He seems highly inconsistent to me in two different senses of the word. Firstly, his musings are often inconsistent with reality, and secondly with each other. To give a simple example, Russell writes in his booklet What I Believe that scientific knowledge, in the sense of hard facts, is an essential ingredient for a 'good life'. Presumably life is better and better the more scientific facts are known. If we go the other way, it means that the fewer scientific facts are known, the less good life is. So presumably people living before the Enlightenment were condemned to a life of utter misery, seeing as they hadn't a clue about the "laws" of gravity, or quantum electrodynamics! What is clear from some modern studies is that whatever boons science and technology affords us today, we're no happier for it - that is, we're no more fulfilled as individuals or as a society.

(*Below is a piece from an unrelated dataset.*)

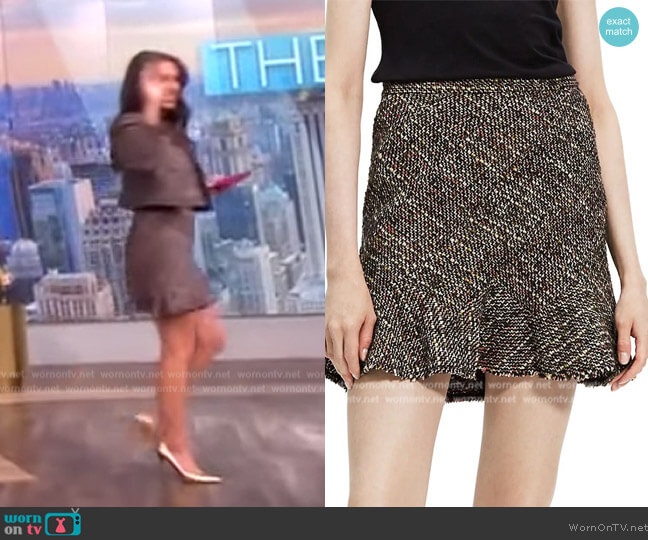 Theory Tweed Flared-Hem Miniskirt worn by Alyssa Farah Griffin on The View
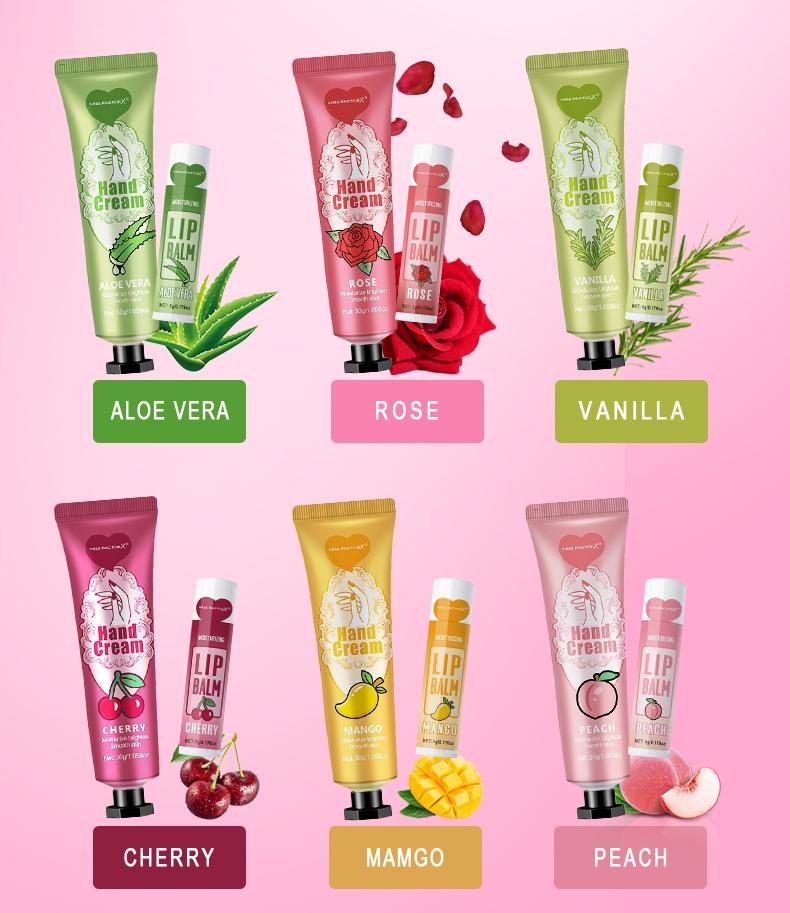 Valentine's Day Hand Cream and Lip Balm Body Gift Set, Includes 12 Hand Creams, 12 Lip Balms, 12 Heart Bags, Perfect for All Skin Types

Here's another example: "The whole effectiveness of any ethical argument lies in its scientific part, i.e. in the proof that one kind of conduct, rather than some other, is a means to an end which is widely desired."

It is obvious what Russell is getting at: if an action brings about a result that in generally the thing that people desire, then that is good. There are some obvious problems with this. Firstly, what is "widely desired" isn't necessarily "good". (Nazi germany suggests itself as a good example of my counterpoint.) Secondly, that a "scientific" aspect of something is deemed such according to whether or not it complies with what is "widely desired" is an audacious usurpation of the word "science"! Science does not hold public opinion as the arbiter of what is "effective". If we take my criticisms into account and factor them out of Russell's statement accordingly, something still survives, but it is rather useless: he is saying that the effectiveness of any ethical argument boils down to whether it is a good ethical argument or not. Well gee whizz. Who would have thought that!

Such problems continue throughout the book and at the end of it one is satisfied that the the book has explained what Russell believes (which is the claim in the title), but completely diappointed to learn that what he believes is such half-baked tripe.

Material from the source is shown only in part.